Enfin, l’islam fait peur parce qu’on ne le connaît pas, ou qu’on ignore ses fondements autant que la réalité de la vie des musulmans en France. Il fait peur aussi parce qu’il est souvent victime de résonances historiques négatives : croisades, colonisation, guerres coloniales ou guerres de décolonisation. Cela fait certes beaucoup pour cette religion implantée de surcroît dans un vieux pays traditionnellement catholique et dont la culture est profondément imprégnée de catholicisme ou de judéochristianisme.
Qu’en est-il réellement ? Deux réalités importantes à connaître : 1 – L’écrasante majorité des 4,5 millions de musulmans vivant en France n’aspire qu’à une chose : vivre en paix en s’insérant du mieux possible dans la société française en harmonie avec ses valeurs fondamentales, y compris la laïcité.
2 – L’analyse du paysage islamique de France (P.I.F.) est une nécessité pour une bonne connaissance de l’islam et des musulmans en France. Au-delà des 4 principales organisations musulmanes officielles (l’Institut de la Mosquée de Paris, la Fédération Nationale des Musulmans de France, l’Union des Organisations Islamiques de France (l’U.O.I.F), le Comité de Coordination des Musulmans Turcs de France), généralement les mieux connues grâce à leur poids en effectif et leur rayon d’action, la connaissance de dizaines d’autres associations, moins médiatisées donc moins connues s’impose parce que permettant une vision plus large et plus complète de l’islam au sein de la République.
L’action de l’ensemble de ces organisations, leur rôle social, leur degré de rayonnement, leur militantisme même permettent de cerner de près la réalité de l’islam en France et sans doute de dissiper quelques malentendus ou erreurs de jugement. Sans une telle connaissance, ces malentendus et erreurs persisteront, faussant le jugement et engendrant la méfiance réciproque.
S’il existe quelques associations radicales porteuses de violence et de danger potentiel pour la République (une minorité selon les autorités compétentes : environ 2 000 sur 4,5 millions), liées à des réseaux internationaux de musulmans radicaux mus par un fanatisme obscurantiste, sont également répertoriées en France des associations de « musulmans laïques » qui sont affiliées à des associations laïques françaises et dont certaines militent farouchement contre le fanatisme religieux, les organisations radicales de type salafiste qu’elles combattent violemment.
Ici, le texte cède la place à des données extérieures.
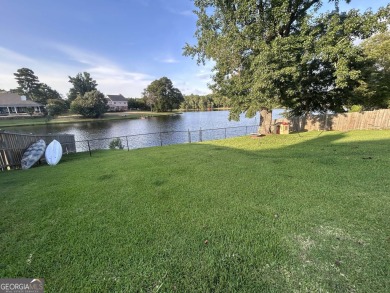 Midland, GA (Harris County) 4 Bed | 2.5 Bath | Waterfront on Woodlands Hills Golf Course in Georgia - for sale on GolfHomes.com, golf home, golf lot
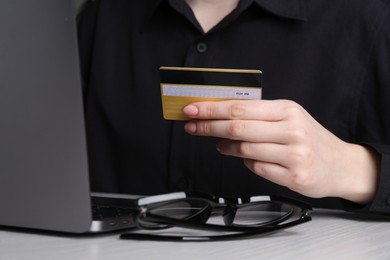 Photo of Online payment. Woman with laptop and credit card at white wooden table, closeup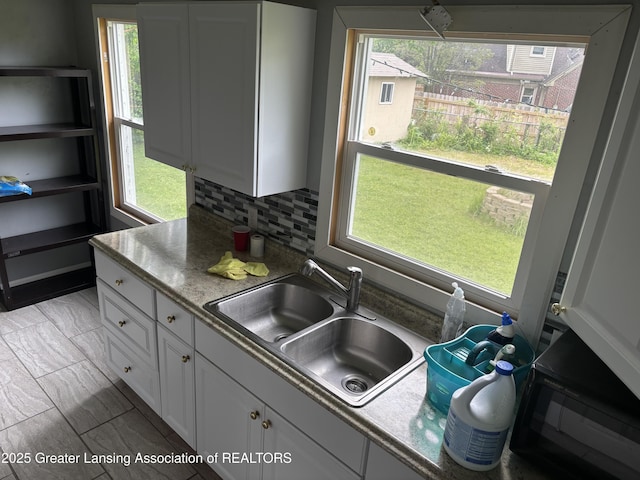 1311 W Saginaw St, East Lansing, MI 48823 - kitchen featuring plenty of natural light and white cabinets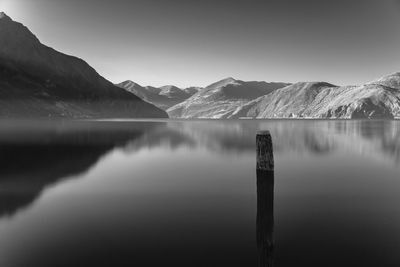 Scenic view of lake by mountains against clear sky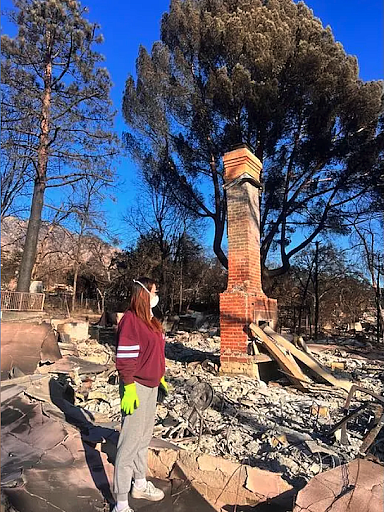 Woman staring at fire damage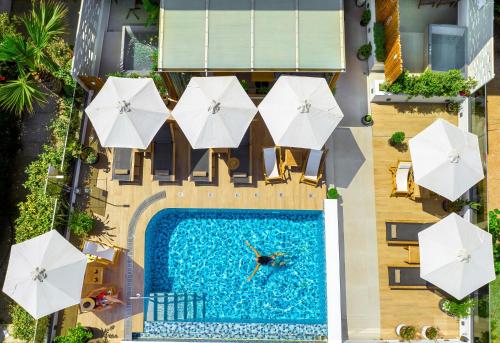 罗希姆诺Calla Luxury Seafront Suites的享有带白色遮阳伞的游泳池的顶部景致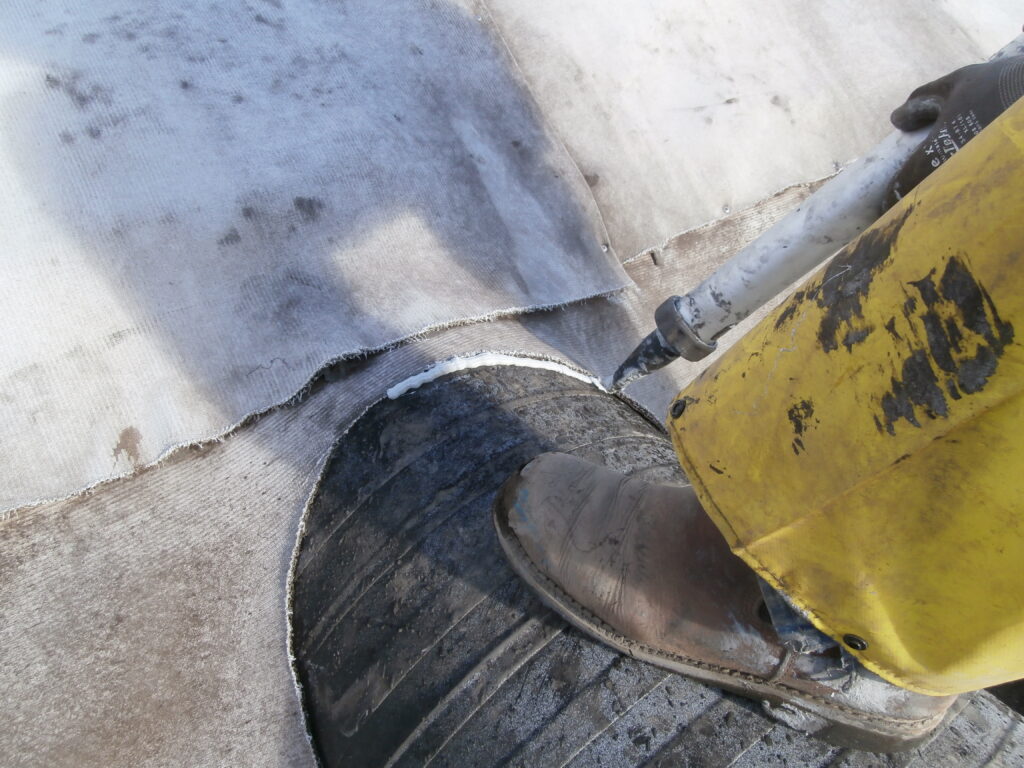 Close-up image of concrete canvas being applied as a bund lining at a refinery site.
De même il existe en France et hors de France des intellectuels musulmans de renommée internationale qui s’attèlent à la réécriture des textes religieux datant du moyen âge, en vue de les actualiser pour les adapter à la modernité, aux valeurs de la République et aux droits de l’individu. Ces érudits travaillent dans la discrétion mais avec détermination pour combattre par le texte et la raison, l’archaïsme sclérosant et nocif. Au-delà de cette ambition en rapport avec le dogme, leur objectif est de faire de « l’islam en France » « l’islam de France » qui épouserait entièrement le principe de laïcité, dont les animateurs et imams seraient formés en France et surtout qui ne serait plus financé de l’extérieur par des pays étrangers.
C’est tout cela qu’il faudrait porter à la connaissance du public par une pédagogie officielle de l’islam afin de combattre les fanatismes qui se nourrissent de l’islamophobie, laquelle ne discerne pas le bon grain de l’ivraie.